- Collected data entries
- Opening Delimiter -

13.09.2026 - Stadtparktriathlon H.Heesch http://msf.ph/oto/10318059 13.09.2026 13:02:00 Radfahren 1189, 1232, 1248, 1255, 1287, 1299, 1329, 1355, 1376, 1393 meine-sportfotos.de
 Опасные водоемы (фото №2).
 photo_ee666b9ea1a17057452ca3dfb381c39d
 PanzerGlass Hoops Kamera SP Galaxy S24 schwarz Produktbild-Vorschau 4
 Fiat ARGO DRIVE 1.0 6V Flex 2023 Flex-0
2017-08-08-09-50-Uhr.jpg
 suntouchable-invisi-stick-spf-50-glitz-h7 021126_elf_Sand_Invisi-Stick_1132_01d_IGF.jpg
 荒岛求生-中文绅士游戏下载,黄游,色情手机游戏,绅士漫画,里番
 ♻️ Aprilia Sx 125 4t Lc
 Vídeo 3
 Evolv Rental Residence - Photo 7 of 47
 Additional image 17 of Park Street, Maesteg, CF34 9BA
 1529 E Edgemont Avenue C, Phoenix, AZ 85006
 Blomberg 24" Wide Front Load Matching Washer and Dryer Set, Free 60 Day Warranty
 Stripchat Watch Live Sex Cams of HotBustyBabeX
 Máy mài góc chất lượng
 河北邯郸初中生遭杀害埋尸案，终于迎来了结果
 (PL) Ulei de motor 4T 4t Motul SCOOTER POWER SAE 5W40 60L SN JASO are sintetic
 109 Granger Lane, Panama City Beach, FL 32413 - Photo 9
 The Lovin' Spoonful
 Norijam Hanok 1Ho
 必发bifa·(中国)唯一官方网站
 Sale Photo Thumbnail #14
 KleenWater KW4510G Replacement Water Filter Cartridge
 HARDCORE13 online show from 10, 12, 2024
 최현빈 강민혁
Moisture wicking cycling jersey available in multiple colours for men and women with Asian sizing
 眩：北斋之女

- Closing Delimiter -

- To do
Nothing but the lines from the top of the entries above through the line with "PanzerGlass Hoops Kamera" should be set down, each exactly as written.

- The answer
13.09.2026 - Stadtparktriathlon H.Heesch http://msf.ph/oto/10318059 13.09.2026 13:02:00 Radfahren 1189, 1232, 1248, 1255, 1287, 1299, 1329, 1355, 1376, 1393 meine-sportfotos.de
 Опасные водоемы (фото №2).
 photo_ee666b9ea1a17057452ca3dfb381c39d
 PanzerGlass Hoops Kamera SP Galaxy S24 schwarz Produktbild-Vorschau 4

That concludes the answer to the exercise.